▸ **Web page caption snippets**
......
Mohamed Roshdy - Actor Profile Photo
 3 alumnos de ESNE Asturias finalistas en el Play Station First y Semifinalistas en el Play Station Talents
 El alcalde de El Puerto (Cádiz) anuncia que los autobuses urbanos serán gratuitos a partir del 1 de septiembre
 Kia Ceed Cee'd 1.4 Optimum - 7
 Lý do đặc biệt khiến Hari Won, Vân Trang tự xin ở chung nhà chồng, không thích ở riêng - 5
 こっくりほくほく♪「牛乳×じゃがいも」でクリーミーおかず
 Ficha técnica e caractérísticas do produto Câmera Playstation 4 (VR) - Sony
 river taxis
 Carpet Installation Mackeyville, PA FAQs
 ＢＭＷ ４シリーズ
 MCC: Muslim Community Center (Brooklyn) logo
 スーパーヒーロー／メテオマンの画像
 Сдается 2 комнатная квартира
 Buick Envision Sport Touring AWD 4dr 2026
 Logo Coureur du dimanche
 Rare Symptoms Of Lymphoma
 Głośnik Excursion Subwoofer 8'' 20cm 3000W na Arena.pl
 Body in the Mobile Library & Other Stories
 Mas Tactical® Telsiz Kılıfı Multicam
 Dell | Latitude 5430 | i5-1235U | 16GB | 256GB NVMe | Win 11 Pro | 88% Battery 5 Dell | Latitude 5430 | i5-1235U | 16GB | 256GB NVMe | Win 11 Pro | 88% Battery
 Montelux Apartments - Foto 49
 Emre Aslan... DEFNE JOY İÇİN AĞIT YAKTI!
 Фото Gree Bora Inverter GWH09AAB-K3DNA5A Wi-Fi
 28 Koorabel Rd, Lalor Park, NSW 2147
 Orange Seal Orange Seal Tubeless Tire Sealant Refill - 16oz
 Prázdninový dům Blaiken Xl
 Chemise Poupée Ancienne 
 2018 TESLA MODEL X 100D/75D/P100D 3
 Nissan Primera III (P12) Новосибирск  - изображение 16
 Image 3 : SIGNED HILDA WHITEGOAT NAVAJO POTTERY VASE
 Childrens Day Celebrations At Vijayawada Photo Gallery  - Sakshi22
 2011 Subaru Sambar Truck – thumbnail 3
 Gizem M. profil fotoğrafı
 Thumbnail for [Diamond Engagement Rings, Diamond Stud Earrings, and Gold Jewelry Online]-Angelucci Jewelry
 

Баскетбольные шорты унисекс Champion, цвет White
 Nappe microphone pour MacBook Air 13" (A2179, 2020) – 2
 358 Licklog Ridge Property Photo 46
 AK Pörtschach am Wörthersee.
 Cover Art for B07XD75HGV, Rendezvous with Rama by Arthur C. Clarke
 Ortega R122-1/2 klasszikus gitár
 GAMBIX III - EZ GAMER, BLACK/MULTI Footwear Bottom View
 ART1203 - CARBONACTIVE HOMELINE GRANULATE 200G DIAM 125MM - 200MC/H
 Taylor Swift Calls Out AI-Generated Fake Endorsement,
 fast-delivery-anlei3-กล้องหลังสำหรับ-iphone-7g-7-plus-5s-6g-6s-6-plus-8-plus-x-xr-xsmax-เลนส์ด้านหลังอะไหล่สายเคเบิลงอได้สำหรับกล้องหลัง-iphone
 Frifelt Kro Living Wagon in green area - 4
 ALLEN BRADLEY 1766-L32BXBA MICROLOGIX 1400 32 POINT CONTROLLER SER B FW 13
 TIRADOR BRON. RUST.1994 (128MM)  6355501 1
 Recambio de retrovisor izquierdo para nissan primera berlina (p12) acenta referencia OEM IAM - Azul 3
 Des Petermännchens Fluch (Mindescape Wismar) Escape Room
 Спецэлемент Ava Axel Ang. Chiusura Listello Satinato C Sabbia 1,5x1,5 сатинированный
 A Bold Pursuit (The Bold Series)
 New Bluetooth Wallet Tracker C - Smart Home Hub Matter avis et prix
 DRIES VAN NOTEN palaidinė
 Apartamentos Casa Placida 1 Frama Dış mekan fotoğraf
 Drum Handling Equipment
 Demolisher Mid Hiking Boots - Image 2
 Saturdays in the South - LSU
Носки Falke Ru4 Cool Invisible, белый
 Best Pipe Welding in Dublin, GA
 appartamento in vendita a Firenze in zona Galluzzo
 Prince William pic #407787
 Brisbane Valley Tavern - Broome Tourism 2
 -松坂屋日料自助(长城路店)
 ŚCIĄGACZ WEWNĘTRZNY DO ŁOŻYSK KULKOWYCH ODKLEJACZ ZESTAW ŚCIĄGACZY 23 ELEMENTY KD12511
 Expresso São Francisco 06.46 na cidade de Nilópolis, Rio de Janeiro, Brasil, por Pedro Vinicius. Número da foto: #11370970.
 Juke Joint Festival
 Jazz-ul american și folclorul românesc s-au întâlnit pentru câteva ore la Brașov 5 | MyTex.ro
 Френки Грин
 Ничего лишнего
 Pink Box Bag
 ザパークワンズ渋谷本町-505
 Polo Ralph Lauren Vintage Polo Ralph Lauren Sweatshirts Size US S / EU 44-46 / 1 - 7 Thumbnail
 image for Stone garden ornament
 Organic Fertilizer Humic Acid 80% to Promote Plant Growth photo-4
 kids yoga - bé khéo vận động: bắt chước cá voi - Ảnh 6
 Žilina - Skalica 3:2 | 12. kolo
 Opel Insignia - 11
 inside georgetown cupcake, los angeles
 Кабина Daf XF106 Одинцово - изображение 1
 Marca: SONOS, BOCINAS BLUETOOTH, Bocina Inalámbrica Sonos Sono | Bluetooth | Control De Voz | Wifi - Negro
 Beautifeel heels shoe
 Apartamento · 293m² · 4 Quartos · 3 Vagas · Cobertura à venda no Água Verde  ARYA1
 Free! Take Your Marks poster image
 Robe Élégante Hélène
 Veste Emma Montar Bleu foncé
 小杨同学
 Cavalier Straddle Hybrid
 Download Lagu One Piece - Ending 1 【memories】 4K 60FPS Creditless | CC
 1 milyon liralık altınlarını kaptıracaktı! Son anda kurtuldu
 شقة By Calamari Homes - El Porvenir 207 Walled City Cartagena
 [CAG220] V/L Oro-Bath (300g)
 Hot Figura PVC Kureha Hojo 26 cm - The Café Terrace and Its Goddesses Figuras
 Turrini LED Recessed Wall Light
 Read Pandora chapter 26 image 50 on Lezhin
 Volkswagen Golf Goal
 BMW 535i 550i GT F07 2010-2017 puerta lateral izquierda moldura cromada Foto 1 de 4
......
▸ **Work to complete**
Could you restate word for word the lines above, from the one that contains "El alcalde de" through the one that contains "Prázdninový dům Blaiken Xl", and no others?

▸ **Final answer**
 El alcalde de El Puerto (Cádiz) anuncia que los autobuses urbanos serán gratuitos a partir del 1 de septiembre
 Kia Ceed Cee'd 1.4 Optimum - 7
 Lý do đặc biệt khiến Hari Won, Vân Trang tự xin ở chung nhà chồng, không thích ở riêng - 5
 こっくりほくほく♪「牛乳×じゃがいも」でクリーミーおかず
 Ficha técnica e caractérísticas do produto Câmera Playstation 4 (VR) - Sony
 river taxis
 Carpet Installation Mackeyville, PA FAQs
 ＢＭＷ ４シリーズ
 MCC: Muslim Community Center (Brooklyn) logo
 スーパーヒーロー／メテオマンの画像
 Сдается 2 комнатная квартира
 Buick Envision Sport Touring AWD 4dr 2026
 Logo Coureur du dimanche
 Rare Symptoms Of Lymphoma
 Głośnik Excursion Subwoofer 8'' 20cm 3000W na Arena.pl
 Body in the Mobile Library & Other Stories
 Mas Tactical® Telsiz Kılıfı Multicam
 Dell | Latitude 5430 | i5-1235U | 16GB | 256GB NVMe | Win 11 Pro | 88% Battery 5 Dell | Latitude 5430 | i5-1235U | 16GB | 256GB NVMe | Win 11 Pro | 88% Battery
 Montelux Apartments - Foto 49
 Emre Aslan... DEFNE JOY İÇİN AĞIT YAKTI!
 Фото Gree Bora Inverter GWH09AAB-K3DNA5A Wi-Fi
 28 Koorabel Rd, Lalor Park, NSW 2147
 Orange Seal Orange Seal Tubeless Tire Sealant Refill - 16oz
 Prázdninový dům Blaiken Xl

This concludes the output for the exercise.